## SUPPLIED INFORMATION
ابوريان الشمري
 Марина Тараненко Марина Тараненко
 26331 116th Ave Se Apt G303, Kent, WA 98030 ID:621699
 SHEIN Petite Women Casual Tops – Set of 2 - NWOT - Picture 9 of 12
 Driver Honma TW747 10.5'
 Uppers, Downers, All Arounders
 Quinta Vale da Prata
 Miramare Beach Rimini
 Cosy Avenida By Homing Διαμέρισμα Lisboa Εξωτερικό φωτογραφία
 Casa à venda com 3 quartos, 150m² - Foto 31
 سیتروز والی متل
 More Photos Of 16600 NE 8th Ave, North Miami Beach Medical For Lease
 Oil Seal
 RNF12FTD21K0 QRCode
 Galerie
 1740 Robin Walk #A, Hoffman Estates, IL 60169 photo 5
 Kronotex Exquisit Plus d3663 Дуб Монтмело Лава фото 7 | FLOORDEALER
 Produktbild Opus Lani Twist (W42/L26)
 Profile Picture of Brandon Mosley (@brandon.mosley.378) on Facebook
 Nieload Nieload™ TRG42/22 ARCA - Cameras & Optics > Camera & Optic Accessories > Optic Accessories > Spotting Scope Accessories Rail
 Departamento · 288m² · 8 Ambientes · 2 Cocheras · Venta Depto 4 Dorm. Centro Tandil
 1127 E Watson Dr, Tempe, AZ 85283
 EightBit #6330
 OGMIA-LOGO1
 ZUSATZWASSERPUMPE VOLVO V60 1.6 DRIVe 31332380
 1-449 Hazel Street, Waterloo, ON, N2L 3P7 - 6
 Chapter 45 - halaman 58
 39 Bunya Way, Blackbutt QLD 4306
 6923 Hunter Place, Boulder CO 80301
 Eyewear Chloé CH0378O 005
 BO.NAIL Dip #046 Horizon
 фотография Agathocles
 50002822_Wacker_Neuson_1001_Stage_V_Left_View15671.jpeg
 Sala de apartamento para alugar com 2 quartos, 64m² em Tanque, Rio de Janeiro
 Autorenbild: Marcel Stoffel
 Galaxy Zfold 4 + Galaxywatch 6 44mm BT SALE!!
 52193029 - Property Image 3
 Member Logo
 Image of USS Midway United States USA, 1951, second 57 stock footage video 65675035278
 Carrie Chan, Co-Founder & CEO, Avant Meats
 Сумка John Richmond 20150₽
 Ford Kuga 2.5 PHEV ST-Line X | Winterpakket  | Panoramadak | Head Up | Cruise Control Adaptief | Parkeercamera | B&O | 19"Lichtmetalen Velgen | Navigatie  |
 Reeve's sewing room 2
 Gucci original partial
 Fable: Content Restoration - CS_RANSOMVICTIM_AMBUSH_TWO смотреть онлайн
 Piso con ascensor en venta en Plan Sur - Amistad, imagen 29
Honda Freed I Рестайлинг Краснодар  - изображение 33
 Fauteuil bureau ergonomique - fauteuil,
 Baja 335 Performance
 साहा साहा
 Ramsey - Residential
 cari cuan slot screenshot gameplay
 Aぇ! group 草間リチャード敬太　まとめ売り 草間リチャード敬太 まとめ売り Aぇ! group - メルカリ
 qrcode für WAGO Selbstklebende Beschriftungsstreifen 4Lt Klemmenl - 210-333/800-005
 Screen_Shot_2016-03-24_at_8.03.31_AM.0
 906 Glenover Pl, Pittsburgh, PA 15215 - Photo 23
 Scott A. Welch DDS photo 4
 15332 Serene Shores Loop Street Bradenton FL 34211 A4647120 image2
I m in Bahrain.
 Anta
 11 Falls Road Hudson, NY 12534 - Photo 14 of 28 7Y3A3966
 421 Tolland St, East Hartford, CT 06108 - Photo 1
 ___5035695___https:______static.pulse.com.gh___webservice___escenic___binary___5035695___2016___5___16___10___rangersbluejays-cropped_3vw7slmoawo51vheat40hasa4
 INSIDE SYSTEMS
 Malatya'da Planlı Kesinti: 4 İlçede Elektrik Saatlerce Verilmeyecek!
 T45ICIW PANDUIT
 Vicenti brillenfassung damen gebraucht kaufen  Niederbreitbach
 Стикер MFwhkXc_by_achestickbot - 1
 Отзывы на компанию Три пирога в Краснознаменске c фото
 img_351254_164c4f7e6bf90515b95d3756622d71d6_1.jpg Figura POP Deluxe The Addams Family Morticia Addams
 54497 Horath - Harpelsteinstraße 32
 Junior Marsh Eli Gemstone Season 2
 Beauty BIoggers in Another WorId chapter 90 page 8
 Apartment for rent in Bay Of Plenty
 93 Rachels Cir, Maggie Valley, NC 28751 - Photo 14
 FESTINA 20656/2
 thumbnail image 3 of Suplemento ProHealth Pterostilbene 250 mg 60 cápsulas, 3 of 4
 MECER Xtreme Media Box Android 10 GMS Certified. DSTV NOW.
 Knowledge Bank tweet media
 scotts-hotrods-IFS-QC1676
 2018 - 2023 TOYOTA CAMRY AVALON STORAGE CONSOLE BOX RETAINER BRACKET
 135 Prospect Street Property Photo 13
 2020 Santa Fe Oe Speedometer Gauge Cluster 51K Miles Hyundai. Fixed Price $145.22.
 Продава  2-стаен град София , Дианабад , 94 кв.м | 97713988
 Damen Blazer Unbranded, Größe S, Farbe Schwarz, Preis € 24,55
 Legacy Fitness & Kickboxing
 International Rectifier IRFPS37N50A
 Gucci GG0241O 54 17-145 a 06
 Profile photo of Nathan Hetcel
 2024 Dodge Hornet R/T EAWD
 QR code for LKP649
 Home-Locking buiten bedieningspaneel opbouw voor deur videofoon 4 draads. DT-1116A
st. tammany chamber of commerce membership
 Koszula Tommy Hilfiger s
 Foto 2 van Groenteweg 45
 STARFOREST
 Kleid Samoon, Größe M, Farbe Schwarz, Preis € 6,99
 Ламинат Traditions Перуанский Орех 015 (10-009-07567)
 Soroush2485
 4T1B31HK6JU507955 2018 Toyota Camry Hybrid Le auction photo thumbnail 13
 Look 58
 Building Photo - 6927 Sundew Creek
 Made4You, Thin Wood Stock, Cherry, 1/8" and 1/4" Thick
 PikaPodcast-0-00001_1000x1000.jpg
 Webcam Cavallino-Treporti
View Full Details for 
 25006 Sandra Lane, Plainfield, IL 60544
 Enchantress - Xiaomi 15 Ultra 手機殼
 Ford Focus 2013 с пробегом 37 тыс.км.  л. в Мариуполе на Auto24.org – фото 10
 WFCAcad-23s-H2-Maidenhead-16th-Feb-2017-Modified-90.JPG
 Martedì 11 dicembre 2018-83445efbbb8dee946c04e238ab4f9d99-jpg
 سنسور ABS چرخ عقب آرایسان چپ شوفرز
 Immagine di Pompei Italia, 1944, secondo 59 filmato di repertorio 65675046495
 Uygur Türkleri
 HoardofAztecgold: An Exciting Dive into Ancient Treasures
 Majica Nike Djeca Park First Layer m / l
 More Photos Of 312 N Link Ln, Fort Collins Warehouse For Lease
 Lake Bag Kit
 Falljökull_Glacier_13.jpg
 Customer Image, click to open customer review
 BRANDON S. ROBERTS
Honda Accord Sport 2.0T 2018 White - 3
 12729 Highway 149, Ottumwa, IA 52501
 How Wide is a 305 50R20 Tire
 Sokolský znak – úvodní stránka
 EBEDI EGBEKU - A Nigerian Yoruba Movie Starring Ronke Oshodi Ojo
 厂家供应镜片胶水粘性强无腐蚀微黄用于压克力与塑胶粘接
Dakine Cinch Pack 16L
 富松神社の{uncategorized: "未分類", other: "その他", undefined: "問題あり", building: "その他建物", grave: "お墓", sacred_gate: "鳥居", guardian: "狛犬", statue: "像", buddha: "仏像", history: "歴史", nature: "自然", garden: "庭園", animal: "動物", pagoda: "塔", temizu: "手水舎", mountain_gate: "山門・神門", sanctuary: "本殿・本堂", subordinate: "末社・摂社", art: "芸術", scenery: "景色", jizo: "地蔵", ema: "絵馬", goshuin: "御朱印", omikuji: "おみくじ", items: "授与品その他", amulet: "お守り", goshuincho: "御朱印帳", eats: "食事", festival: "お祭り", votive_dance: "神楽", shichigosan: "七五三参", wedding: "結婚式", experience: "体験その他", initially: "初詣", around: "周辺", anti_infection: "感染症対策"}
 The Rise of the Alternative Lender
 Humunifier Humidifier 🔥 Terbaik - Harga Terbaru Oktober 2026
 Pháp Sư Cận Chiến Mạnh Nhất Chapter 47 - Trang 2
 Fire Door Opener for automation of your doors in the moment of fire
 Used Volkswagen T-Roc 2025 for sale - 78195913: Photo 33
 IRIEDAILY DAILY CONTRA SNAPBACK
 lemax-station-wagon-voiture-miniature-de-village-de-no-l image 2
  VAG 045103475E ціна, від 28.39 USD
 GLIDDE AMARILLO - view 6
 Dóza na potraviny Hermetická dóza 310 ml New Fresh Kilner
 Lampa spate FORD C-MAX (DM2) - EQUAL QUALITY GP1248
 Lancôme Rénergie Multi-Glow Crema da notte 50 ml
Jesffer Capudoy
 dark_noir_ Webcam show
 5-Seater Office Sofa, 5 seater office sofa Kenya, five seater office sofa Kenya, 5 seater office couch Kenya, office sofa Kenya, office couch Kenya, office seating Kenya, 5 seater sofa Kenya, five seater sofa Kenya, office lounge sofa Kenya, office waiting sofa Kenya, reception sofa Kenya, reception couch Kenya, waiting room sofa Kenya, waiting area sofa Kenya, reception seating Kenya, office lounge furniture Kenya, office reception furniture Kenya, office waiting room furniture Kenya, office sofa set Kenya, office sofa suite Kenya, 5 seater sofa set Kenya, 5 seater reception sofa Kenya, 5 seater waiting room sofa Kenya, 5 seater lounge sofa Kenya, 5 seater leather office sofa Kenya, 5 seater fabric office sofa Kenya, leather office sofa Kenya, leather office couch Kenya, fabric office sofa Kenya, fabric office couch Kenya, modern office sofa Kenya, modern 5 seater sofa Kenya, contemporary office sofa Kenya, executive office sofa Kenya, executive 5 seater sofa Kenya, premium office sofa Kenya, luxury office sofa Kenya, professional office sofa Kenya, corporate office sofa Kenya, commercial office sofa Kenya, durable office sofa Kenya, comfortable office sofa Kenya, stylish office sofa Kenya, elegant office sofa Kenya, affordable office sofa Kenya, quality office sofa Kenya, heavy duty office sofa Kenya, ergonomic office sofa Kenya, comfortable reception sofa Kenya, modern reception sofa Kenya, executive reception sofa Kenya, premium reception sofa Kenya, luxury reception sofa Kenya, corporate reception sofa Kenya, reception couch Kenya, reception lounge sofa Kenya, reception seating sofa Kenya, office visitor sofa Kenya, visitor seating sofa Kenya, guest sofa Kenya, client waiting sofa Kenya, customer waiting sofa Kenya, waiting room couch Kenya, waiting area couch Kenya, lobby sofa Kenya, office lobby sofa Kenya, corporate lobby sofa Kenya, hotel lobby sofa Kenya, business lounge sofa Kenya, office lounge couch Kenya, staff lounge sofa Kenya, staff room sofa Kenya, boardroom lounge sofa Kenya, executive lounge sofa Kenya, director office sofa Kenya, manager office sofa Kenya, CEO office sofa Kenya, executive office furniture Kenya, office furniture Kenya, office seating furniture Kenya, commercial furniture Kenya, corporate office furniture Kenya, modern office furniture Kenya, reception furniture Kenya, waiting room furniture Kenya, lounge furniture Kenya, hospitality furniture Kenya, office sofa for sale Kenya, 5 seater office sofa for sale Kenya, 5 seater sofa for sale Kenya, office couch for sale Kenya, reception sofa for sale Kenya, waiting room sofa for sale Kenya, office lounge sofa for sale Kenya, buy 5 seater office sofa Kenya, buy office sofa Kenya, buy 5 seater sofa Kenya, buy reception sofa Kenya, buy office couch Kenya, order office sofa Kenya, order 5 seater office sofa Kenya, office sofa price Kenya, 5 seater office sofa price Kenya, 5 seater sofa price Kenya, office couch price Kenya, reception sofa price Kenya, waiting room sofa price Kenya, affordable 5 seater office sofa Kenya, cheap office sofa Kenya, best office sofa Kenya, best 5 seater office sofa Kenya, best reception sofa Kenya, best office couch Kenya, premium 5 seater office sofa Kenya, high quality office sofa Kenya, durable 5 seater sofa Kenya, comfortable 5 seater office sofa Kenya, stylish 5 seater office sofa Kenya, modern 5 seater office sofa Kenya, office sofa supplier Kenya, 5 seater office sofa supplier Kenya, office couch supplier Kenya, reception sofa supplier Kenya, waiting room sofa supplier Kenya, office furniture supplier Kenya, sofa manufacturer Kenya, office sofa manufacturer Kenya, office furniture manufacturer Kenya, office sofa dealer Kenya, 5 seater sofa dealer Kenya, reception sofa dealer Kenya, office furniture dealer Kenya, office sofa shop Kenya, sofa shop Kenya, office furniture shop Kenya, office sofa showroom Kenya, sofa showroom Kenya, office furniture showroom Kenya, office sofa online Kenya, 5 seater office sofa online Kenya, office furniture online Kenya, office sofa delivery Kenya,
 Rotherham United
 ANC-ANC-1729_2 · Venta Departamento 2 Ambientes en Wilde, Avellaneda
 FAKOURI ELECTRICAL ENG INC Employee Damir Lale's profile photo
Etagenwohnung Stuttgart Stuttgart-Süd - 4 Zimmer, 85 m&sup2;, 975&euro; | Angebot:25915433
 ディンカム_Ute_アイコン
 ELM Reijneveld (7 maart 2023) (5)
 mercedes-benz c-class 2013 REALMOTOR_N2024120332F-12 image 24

## TASK INSTRUCTIONS
Word for word, please print every line from the beginning of the records to the line bearing "Miramare Beach Rimini", counting both ends and stopping there.

## ANSWER TO THE EXERCISE
ابوريان الشمري
 Марина Тараненко Марина Тараненко
 26331 116th Ave Se Apt G303, Kent, WA 98030 ID:621699
 SHEIN Petite Women Casual Tops – Set of 2 - NWOT - Picture 9 of 12
 Driver Honma TW747 10.5'
 Uppers, Downers, All Arounders
 Quinta Vale da Prata
 Miramare Beach Rimini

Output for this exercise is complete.